■ Task instructions
Please restate every record below word for word.

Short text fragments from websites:
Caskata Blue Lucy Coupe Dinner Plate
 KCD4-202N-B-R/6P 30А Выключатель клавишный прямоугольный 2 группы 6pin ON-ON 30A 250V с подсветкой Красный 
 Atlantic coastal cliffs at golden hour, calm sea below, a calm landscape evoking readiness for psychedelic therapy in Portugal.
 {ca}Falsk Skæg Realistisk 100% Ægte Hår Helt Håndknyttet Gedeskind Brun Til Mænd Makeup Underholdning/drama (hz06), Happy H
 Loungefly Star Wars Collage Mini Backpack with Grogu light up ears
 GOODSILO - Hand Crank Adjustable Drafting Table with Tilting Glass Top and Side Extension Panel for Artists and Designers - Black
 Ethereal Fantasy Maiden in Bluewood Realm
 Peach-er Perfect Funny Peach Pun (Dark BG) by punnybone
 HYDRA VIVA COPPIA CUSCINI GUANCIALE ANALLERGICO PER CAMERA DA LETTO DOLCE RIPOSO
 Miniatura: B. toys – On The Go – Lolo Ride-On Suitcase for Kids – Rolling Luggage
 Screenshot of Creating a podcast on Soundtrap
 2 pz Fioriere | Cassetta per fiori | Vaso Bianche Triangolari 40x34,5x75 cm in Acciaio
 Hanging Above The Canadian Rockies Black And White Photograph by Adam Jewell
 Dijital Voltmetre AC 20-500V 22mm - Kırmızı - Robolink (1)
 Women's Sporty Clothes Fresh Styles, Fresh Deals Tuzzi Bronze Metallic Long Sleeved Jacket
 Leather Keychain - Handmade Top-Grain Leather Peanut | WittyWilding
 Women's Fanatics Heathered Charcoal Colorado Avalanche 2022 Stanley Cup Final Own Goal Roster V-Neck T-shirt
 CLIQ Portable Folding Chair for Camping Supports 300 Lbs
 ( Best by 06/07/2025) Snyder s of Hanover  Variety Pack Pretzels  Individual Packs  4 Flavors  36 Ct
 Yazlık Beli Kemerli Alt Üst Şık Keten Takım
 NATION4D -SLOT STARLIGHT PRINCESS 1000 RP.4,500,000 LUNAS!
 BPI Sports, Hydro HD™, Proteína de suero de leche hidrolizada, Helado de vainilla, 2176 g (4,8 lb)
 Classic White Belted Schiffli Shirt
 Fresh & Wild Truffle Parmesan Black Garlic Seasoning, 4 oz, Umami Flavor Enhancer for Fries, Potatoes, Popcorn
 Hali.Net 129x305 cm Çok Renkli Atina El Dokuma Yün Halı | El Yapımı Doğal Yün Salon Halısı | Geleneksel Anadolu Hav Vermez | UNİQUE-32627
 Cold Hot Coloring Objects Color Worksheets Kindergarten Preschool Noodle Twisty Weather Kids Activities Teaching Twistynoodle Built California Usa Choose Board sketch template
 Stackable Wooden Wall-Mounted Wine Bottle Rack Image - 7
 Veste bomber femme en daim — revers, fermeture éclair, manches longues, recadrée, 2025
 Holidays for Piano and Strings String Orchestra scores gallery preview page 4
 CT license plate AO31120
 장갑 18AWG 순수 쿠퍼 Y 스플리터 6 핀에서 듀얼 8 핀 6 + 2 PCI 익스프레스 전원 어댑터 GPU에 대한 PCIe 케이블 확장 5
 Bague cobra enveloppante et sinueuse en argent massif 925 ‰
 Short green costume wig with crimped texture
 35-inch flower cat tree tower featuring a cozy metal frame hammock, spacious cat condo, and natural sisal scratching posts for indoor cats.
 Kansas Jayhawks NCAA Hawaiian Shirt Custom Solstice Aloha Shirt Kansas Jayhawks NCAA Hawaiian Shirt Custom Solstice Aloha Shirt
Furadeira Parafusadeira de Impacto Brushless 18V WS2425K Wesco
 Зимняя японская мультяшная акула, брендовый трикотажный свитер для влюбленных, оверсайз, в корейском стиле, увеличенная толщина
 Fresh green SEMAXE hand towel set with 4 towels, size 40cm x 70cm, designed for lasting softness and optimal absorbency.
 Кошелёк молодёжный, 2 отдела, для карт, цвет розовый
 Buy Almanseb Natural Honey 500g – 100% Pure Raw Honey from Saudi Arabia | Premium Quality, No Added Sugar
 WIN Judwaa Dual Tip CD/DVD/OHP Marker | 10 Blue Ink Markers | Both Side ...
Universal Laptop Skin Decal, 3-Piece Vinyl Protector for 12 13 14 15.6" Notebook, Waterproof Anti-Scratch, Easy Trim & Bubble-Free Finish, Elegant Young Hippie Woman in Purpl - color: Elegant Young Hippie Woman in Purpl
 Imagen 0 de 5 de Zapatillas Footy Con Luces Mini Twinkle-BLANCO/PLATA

■ Task output
Caskata Blue Lucy Coupe Dinner Plate
 KCD4-202N-B-R/6P 30А Выключатель клавишный прямоугольный 2 группы 6pin ON-ON 30A 250V с подсветкой Красный 
 Atlantic coastal cliffs at golden hour, calm sea below, a calm landscape evoking readiness for psychedelic therapy in Portugal.
 {ca}Falsk Skæg Realistisk 100% Ægte Hår Helt Håndknyttet Gedeskind Brun Til Mænd Makeup Underholdning/drama (hz06), Happy H
 Loungefly Star Wars Collage Mini Backpack with Grogu light up ears
 GOODSILO - Hand Crank Adjustable Drafting Table with Tilting Glass Top and Side Extension Panel for Artists and Designers - Black
 Ethereal Fantasy Maiden in Bluewood Realm
 Peach-er Perfect Funny Peach Pun (Dark BG) by punnybone
 HYDRA VIVA COPPIA CUSCINI GUANCIALE ANALLERGICO PER CAMERA DA LETTO DOLCE RIPOSO
 Miniatura: B. toys – On The Go – Lolo Ride-On Suitcase for Kids – Rolling Luggage
 Screenshot of Creating a podcast on Soundtrap
 2 pz Fioriere | Cassetta per fiori | Vaso Bianche Triangolari 40x34,5x75 cm in Acciaio
 Hanging Above The Canadian Rockies Black And White Photograph by Adam Jewell
 Dijital Voltmetre AC 20-500V 22mm - Kırmızı - Robolink (1)
 Women's Sporty Clothes Fresh Styles, Fresh Deals Tuzzi Bronze Metallic Long Sleeved Jacket
 Leather Keychain - Handmade Top-Grain Leather Peanut | WittyWilding
 Women's Fanatics Heathered Charcoal Colorado Avalanche 2022 Stanley Cup Final Own Goal Roster V-Neck T-shirt
 CLIQ Portable Folding Chair for Camping Supports 300 Lbs
 ( Best by 06/07/2025) Snyder s of Hanover  Variety Pack Pretzels  Individual Packs  4 Flavors  36 Ct
 Yazlık Beli Kemerli Alt Üst Şık Keten Takım
 NATION4D -SLOT STARLIGHT PRINCESS 1000 RP.4,500,000 LUNAS!
 BPI Sports, Hydro HD™, Proteína de suero de leche hidrolizada, Helado de vainilla, 2176 g (4,8 lb)
 Classic White Belted Schiffli Shirt
 Fresh & Wild Truffle Parmesan Black Garlic Seasoning, 4 oz, Umami Flavor Enhancer for Fries, Potatoes, Popcorn
 Hali.Net 129x305 cm Çok Renkli Atina El Dokuma Yün Halı | El Yapımı Doğal Yün Salon Halısı | Geleneksel Anadolu Hav Vermez | UNİQUE-32627
 Cold Hot Coloring Objects Color Worksheets Kindergarten Preschool Noodle Twisty Weather Kids Activities Teaching Twistynoodle Built California Usa Choose Board sketch template
 Stackable Wooden Wall-Mounted Wine Bottle Rack Image - 7
 Veste bomber femme en daim — revers, fermeture éclair, manches longues, recadrée, 2025
 Holidays for Piano and Strings String Orchestra scores gallery preview page 4
 CT license plate AO31120
 장갑 18AWG 순수 쿠퍼 Y 스플리터 6 핀에서 듀얼 8 핀 6 + 2 PCI 익스프레스 전원 어댑터 GPU에 대한 PCIe 케이블 확장 5
 Bague cobra enveloppante et sinueuse en argent massif 925 ‰
 Short green costume wig with crimped texture
 35-inch flower cat tree tower featuring a cozy metal frame hammock, spacious cat condo, and natural sisal scratching posts for indoor cats.
 Kansas Jayhawks NCAA Hawaiian Shirt Custom Solstice Aloha Shirt Kansas Jayhawks NCAA Hawaiian Shirt Custom Solstice Aloha Shirt
Furadeira Parafusadeira de Impacto Brushless 18V WS2425K Wesco
 Зимняя японская мультяшная акула, брендовый трикотажный свитер для влюбленных, оверсайз, в корейском стиле, увеличенная толщина
 Fresh green SEMAXE hand towel set with 4 towels, size 40cm x 70cm, designed for lasting softness and optimal absorbency.
 Кошелёк молодёжный, 2 отдела, для карт, цвет розовый
 Buy Almanseb Natural Honey 500g – 100% Pure Raw Honey from Saudi Arabia | Premium Quality, No Added Sugar
 WIN Judwaa Dual Tip CD/DVD/OHP Marker | 10 Blue Ink Markers | Both Side ...
Universal Laptop Skin Decal, 3-Piece Vinyl Protector for 12 13 14 15.6" Notebook, Waterproof Anti-Scratch, Easy Trim & Bubble-Free Finish, Elegant Young Hippie Woman in Purpl - color: Elegant Young Hippie Woman in Purpl
 Imagen 0 de 5 de Zapatillas Footy Con Luces Mini Twinkle-BLANCO/PLATA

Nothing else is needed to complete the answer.